Sanki her şeyi eline yüzüne bulaştırıyor, yarım bırakıyor gibi hissediyorsun bazen.
Hayallerin hep yarım kalmış, beklentilerin hiç karşılanmamış gibi geliyor. Hem kendine karşı hem dünyaya karşı yorgunsun, kendine küsmüşsün de zamana yayılan o sessizlik göz bebeklerinde birikmiş gibi işte.

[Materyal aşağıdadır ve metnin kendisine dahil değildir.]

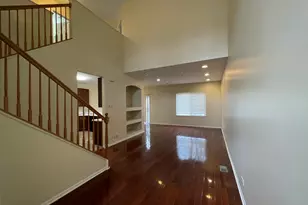 1904 Maureen Dr, Hoffman Estates, IL 60192 - Photo 3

Kendine karşı beslediğin öfke, dünyaya karşı biriktirdiğin kırgınlık ağırlık olmuş içinde de taşıyamıyorsun sanki. Hayal kırıklığı yaşıyorsun sık sık ve en çok kendine küsüyorsun. Kirpiklerinden kurduğun idam sehpalarının tekmesini sen atıyorsun.
Düşlerine çelme takmışlar da seni düşürmüşler gibi hissediyorsun işte bazen de. Herkes sanki hayal kırıklığı senin için.
****
Aslında hayal kırıklığı dediğimiz şey içimizde yarım kalan bizdir, biliyor musun?
İnsanoğlu düşleriyle yoğrulmuş hamura benzer. Hayatın fırınında pişerken, düşlerin mayası verir ona tadını, kokusunu, anlamını.
Hayat sahibi olunmadan yaşam göğümüz karanlık bir boşluktan ibaret kalır.
Ama işte hayal sahibi olmakla hayal âleminde yaşamak aynı şey değil. Ayakları yere basan hayaller ile gerçeklikten kopuk sanrılar da asla aynı değil.
Bunu da düşünce öğreniyorsun.
***
Düştüğümüz yerden kalkmak istiyorsak neyi düşlediğimizi ve nereden düştüğümüzü bilmemiz gerekiyor. Önce düşüşümüzün haritasını çıkarmalıyız. Nereden düştük, neden düştük ve nereye varmak istiyoruz?
Düşmek ve düşlemek aynı hakikaten iki yüzü gibi. Yarım kalmış olan eylem değil, kalbin meylettiği istikamet yani.
Düş görmenin değil, düş kurmanın ustası olmalıyız. Bu iki dünyanın arasında salınan ruh, ancak ikisini de kucakladığında olgunlaşır.
Başka türlü diz kapaklarımıza üfleyen birilerini arar, üflemediler diye yeni düş kırıkları biriktiririz.